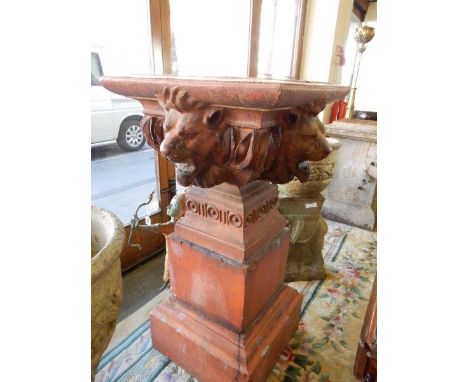A large terracotta jardinière with lion mask head decoration, on square pedestal base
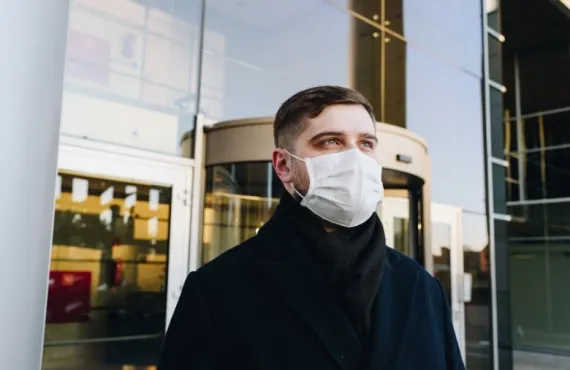 A man wearing a mask outside a building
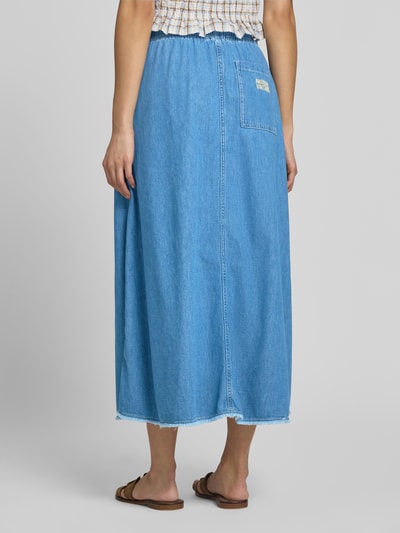 Kobieta modelka nosi spódnicę midi z bawełny w linii a, tkanina stylizowana na denim, frędzle, model 'IZEWAY' od American Vintage, szerokość w rozmiarze s: 35 cm, całkowita długość: 81 cm, widok całej sylwetki z tyłu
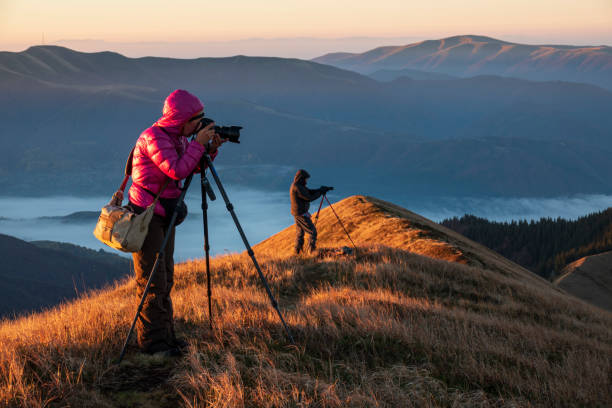 Landscape photographers on the mountain top early in the morning. stock photo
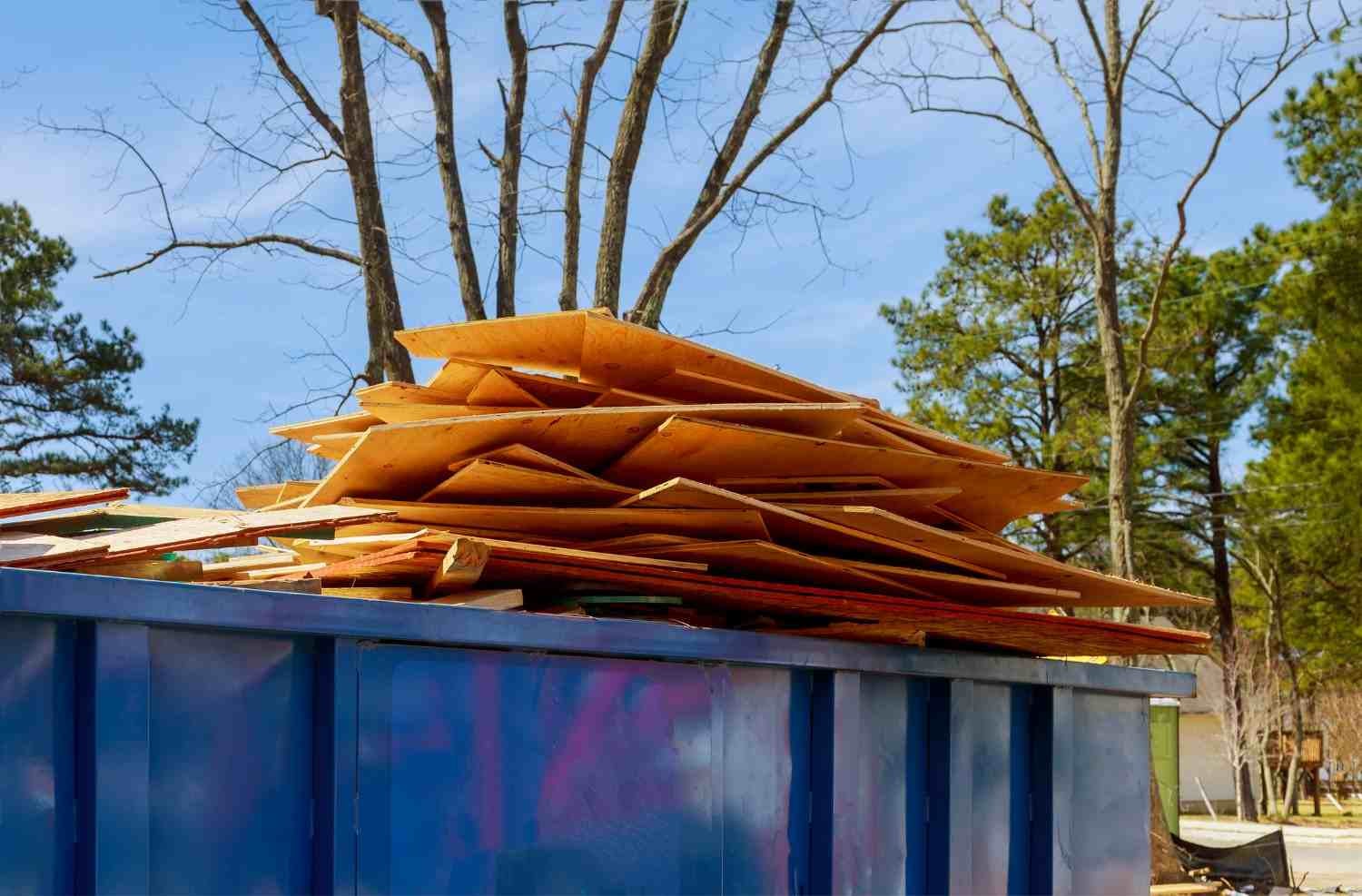 Construction debris stacked in a dumpster at an active job site in Acworth, GA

○ ○ ○ ○ ○ ○ ○

[Task item] When you transcribe the entries, reproduce each line exactly and skip any picture.

[Reply to the exercise]
A large terracotta jardinière with lion mask head decoration, on square pedestal base
 A man wearing a mask outside a building
 Kobieta modelka nosi spódnicę midi z bawełny w linii a, tkanina stylizowana na denim, frędzle, model 'IZEWAY' od American Vintage, szerokość w rozmiarze s: 35 cm, całkowita długość: 81 cm, widok całej sylwetki z tyłu
 Landscape photographers on the mountain top early in the morning. stock photo
 Construction debris stacked in a dumpster at an active job site in Acworth, GA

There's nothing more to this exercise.